Separation. This is a really ugly thing. It turns out that a lot of old lenses had elements cemented with nothing more than Canada Balsam, which is clarified tree sap. If you see discolored areas at the periphery of lenses, the lens is a goner unless you want to spend megabucks having the elements cleaned and recemented.
Schneideritis. Named for the fabled optical producer of Bad-Kreuznach, Germany, this is a condition where the blacking paint on the edges of a lens element craze, making it look like the lens is full of little stars. Minolta brought this to a high art with the CLE-era 28mm lens. This is correctable as long as the lens cell can be disassembled, but it has a nasty habit of showing up where a cell is milled shut.

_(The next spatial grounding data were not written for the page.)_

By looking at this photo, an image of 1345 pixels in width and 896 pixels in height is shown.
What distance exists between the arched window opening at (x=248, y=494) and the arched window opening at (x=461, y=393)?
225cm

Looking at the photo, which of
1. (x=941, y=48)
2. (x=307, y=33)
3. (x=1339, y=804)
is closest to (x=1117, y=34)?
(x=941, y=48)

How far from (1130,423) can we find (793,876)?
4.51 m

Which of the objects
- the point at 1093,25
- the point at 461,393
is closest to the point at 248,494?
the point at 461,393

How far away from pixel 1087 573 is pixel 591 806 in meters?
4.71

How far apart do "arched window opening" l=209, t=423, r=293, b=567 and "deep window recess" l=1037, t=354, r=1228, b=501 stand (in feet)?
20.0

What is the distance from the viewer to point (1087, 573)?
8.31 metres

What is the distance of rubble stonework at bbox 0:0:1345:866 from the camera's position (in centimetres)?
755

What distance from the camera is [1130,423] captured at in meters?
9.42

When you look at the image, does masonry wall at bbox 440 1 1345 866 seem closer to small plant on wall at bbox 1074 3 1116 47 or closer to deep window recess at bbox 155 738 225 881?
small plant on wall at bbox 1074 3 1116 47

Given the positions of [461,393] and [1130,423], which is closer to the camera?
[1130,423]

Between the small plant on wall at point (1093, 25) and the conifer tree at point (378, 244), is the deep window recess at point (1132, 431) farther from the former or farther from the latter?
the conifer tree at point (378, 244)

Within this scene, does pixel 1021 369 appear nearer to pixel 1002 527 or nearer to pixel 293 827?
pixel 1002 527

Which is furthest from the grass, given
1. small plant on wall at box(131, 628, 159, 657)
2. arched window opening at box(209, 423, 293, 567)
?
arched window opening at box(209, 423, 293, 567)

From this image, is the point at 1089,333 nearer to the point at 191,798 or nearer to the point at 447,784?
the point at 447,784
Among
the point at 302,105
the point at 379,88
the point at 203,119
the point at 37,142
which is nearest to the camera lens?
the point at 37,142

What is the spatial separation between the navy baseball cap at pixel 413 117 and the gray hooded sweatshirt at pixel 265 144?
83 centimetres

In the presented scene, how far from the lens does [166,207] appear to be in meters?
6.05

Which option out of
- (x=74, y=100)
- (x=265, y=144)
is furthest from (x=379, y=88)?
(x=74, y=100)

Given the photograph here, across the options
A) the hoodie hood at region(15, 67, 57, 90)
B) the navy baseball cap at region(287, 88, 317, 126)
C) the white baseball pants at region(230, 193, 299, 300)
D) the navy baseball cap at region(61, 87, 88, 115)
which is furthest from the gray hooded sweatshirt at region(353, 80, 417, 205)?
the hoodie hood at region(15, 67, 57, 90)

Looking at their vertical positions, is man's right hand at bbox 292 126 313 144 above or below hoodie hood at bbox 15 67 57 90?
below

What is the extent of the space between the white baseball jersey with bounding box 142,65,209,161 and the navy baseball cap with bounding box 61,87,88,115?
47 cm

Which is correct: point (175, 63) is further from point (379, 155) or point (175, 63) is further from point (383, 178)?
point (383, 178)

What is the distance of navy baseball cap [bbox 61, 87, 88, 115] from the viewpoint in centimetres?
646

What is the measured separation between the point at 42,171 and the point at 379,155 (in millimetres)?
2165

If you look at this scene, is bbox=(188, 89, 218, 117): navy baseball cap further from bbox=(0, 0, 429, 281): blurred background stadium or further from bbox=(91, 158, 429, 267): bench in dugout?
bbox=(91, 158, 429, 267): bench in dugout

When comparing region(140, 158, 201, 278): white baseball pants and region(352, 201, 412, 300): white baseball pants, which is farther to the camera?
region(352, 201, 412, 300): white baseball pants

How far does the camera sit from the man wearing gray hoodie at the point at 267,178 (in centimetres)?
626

Bubbles. Bubbles are completely normal on older lenses. According to myth, it was a sign of quality.
Pits. Sometimes you get pits and pops on front elements. These do not actually require abuse; in some cases, they are the product of pinholes (that were always in lens coatings) allowing tiny amounts of moisture to reach rare-earth metals in glass which oxidize and pop. Although these are intellectually challenging, they are in almost all cases harmless.